### Your task
For this exercise, retype the lines from the one that holds "HERMES leather Transat" through the one that holds "Shanghai Tang CREAM" in the records below, both included, exactly and without pictures.

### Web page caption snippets
┄┄┄┄┄┄┄┄┄┄
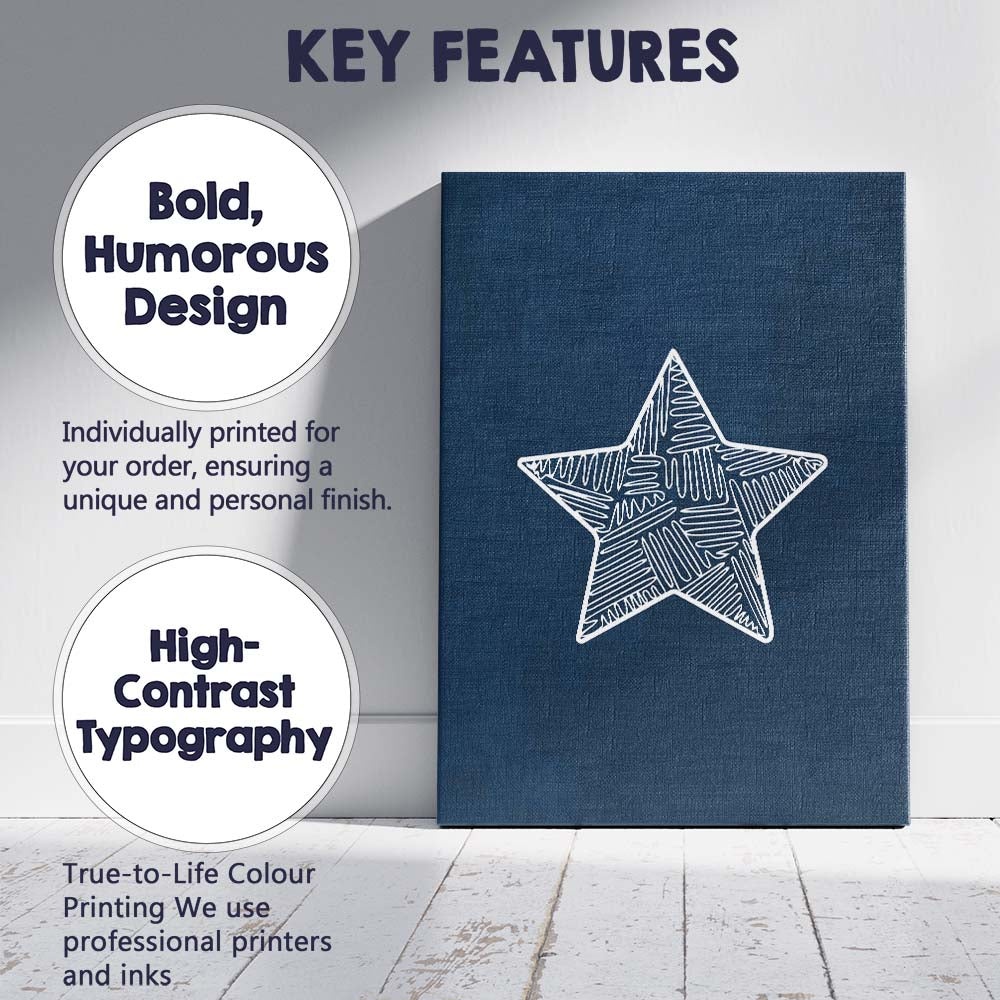 White Hand Drawn Star Navy Blue Minimalist Illustration Canvas Wall Art Print Decor Picture Ready to Hang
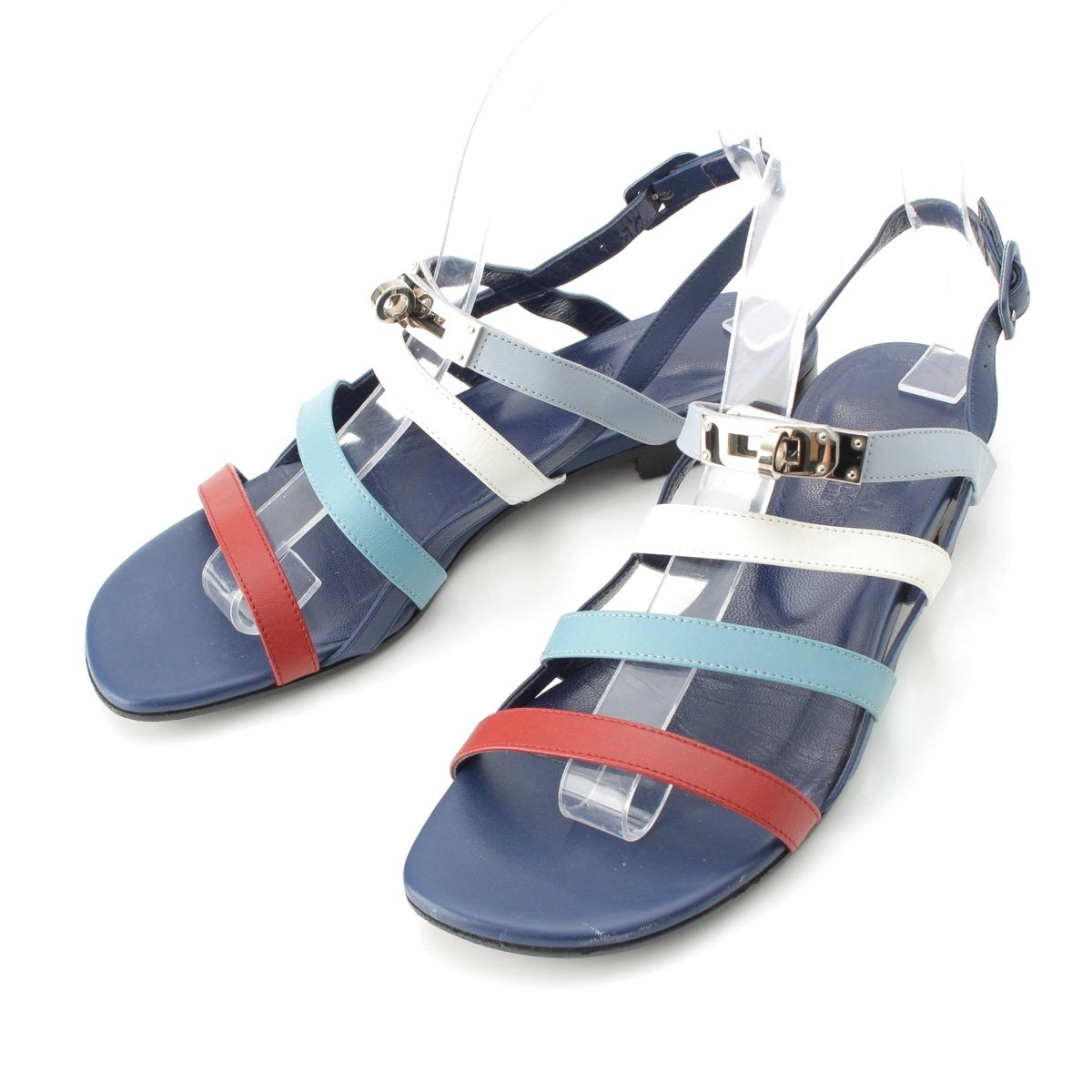 HERMES leather Transat Kelly Sandals multicolor 37
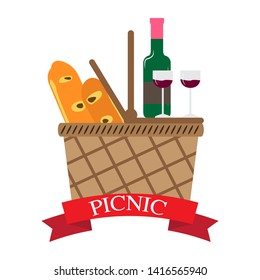 Picnic basket with bread and wine - Vector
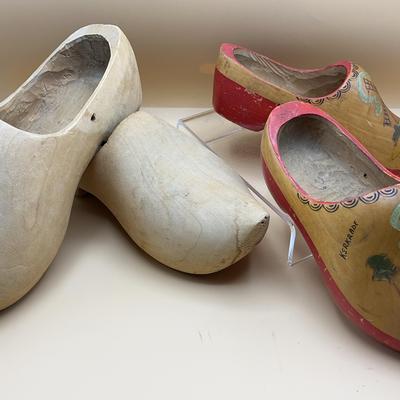 Mid Century Dutch Holland Hand Carved Clogs 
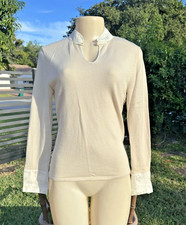 Shanghai Tang CREAM COLOR LONG SLEEVE STRETCH WOOL SWEATER TOP Sz M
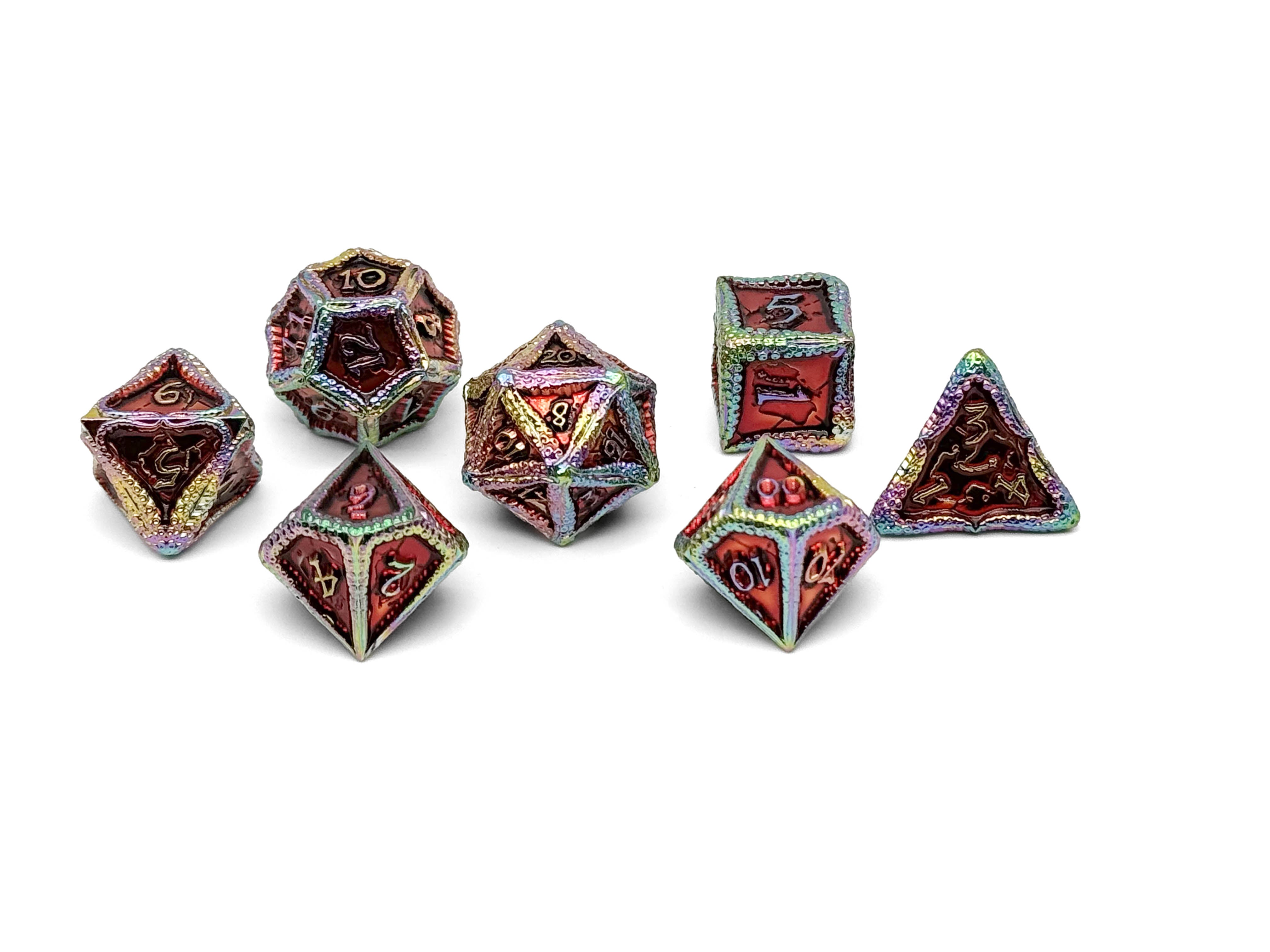 Pirate Dice - Ahoy Matey! 7 Piece RPG set Alloy Metal Dice-Metal - Zinc Alloy Dice-Norse Foundry-Norse Foundry-dungeons & dragons-d&d dice set-rpg dice set-d20-metal dice set-d&d-treasure chest tin-perfect for tabletop rpgs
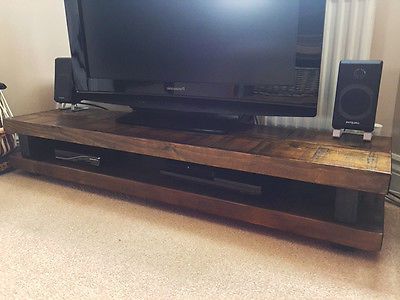 Dark Wood Tv Stands In Well Liked N7 Solid Wood Tv Stand Dark Oak Distressed Timber Rustic Chunky (View 4 of 20)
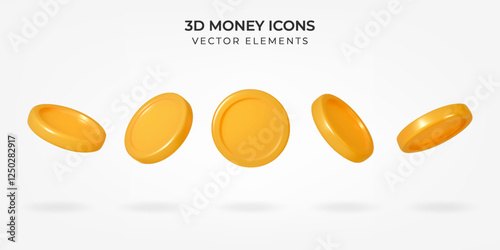 3D realistic flying golden coins set in different positions. Money symbols render for gambling games, casino jackpot, currency exchange, business financial investment concept.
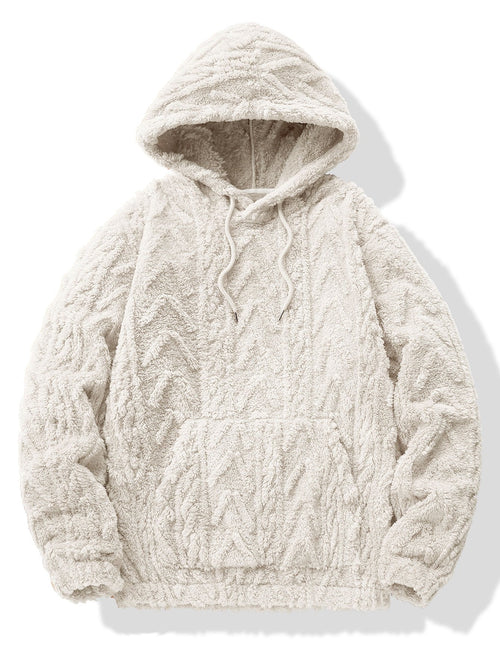Geometric Jacquard Teddy Hoodie & Jogging Pants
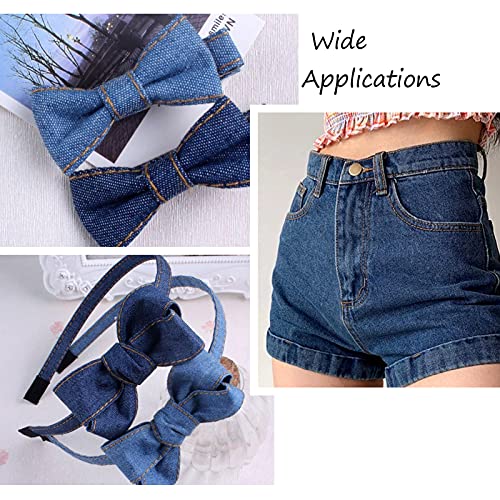 Craftdady 10.9 Yards Stitch Denim Ribbons 1 Inch Layering Cloth Fabric Jeans Bows Ribbons for DIY Crafts Hairclips Sewing Garment Accessories, Royal Blue - Image 4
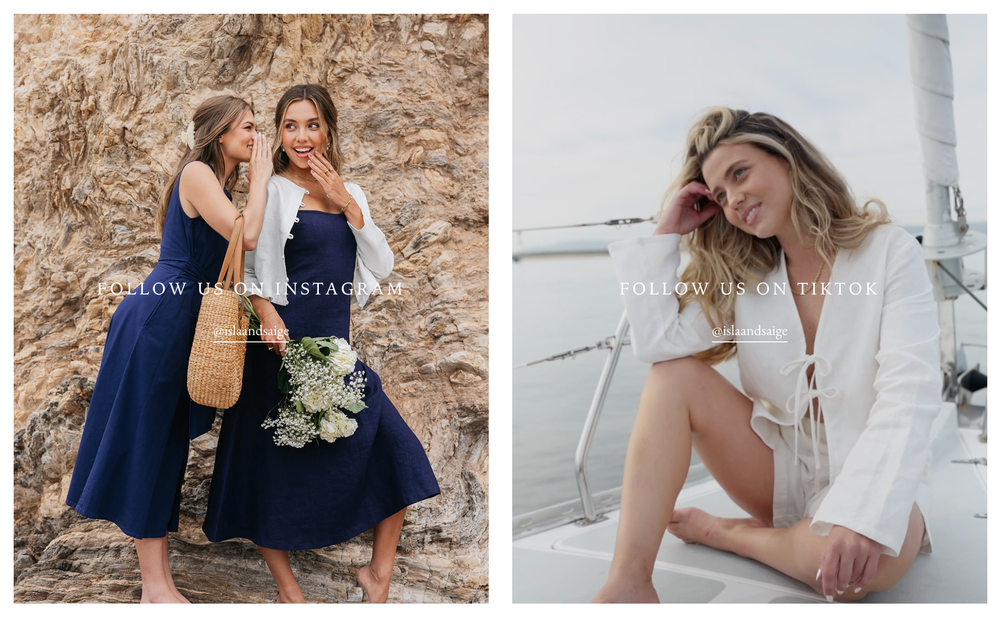 Collection of coastal lifestyle imagery featuring casual summer outfits in white and navy tones.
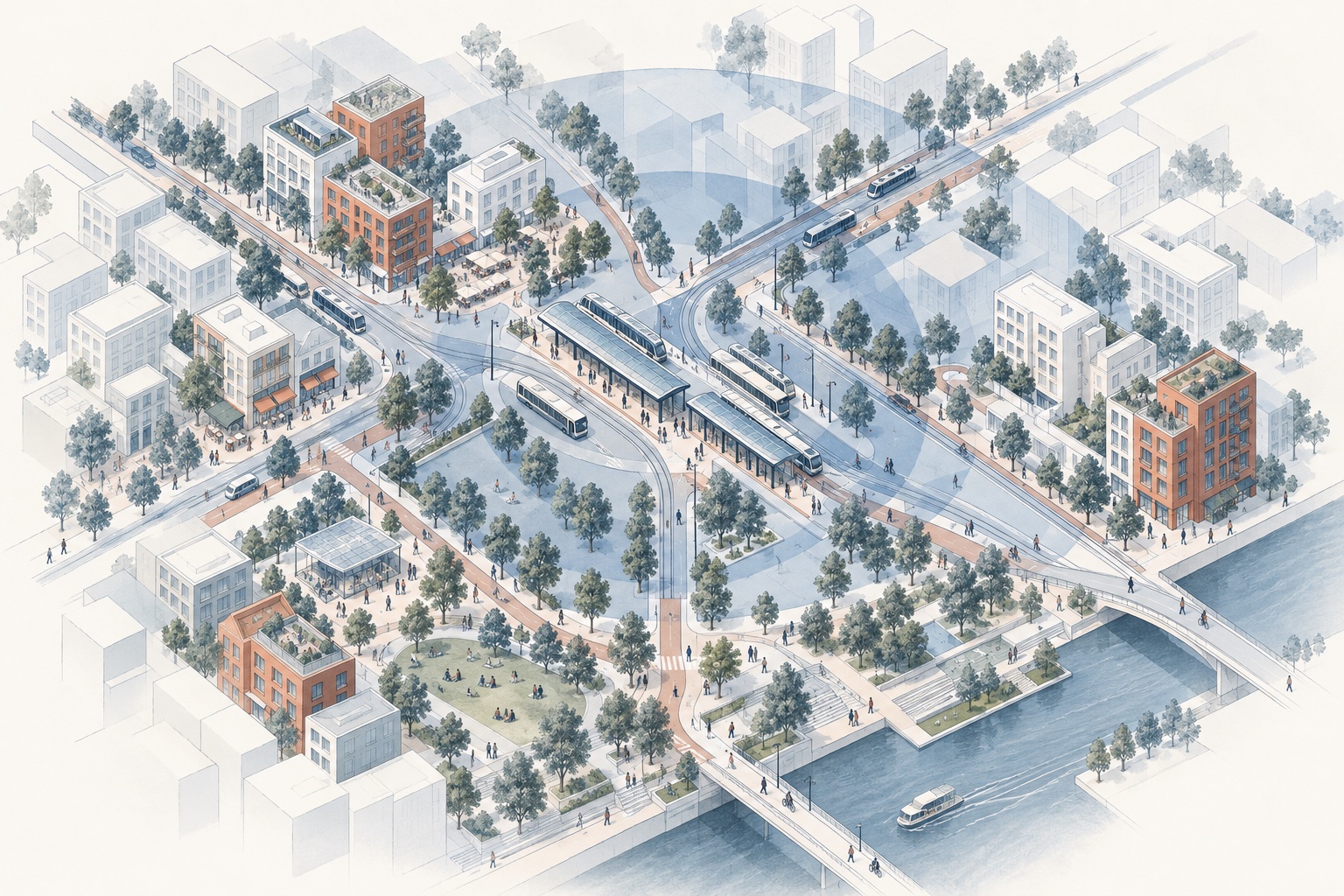Transit interchange connecting neighborhoods, public spaces, and urban activity.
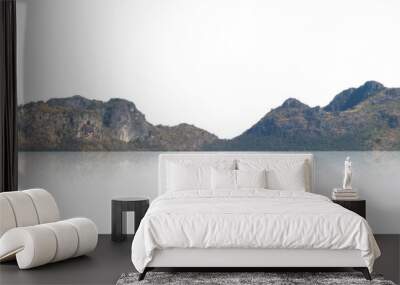 rock mountain hill with  green forest isolate on white background Wall mural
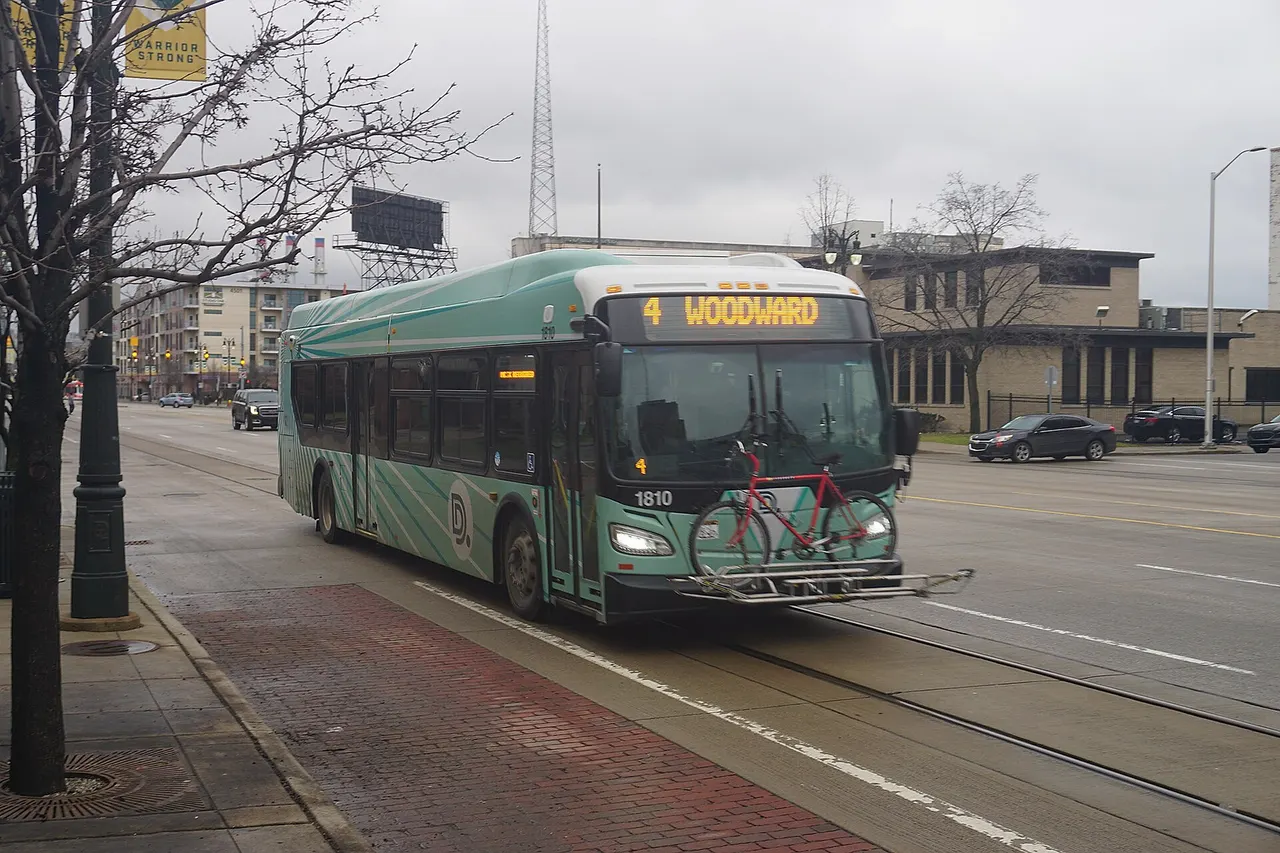 A Detroit Department of Transportation bus in Detroit , Michigan ( United States ).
┄┄┄┄┄┄┄┄┄┄
### Task solution
 HERMES leather Transat Kelly Sandals multicolor 37
 Picnic basket with bread and wine - Vector
 Mid Century Dutch Holland Hand Carved Clogs 
 Shanghai Tang CREAM COLOR LONG SLEEVE STRETCH WOOL SWEATER TOP Sz M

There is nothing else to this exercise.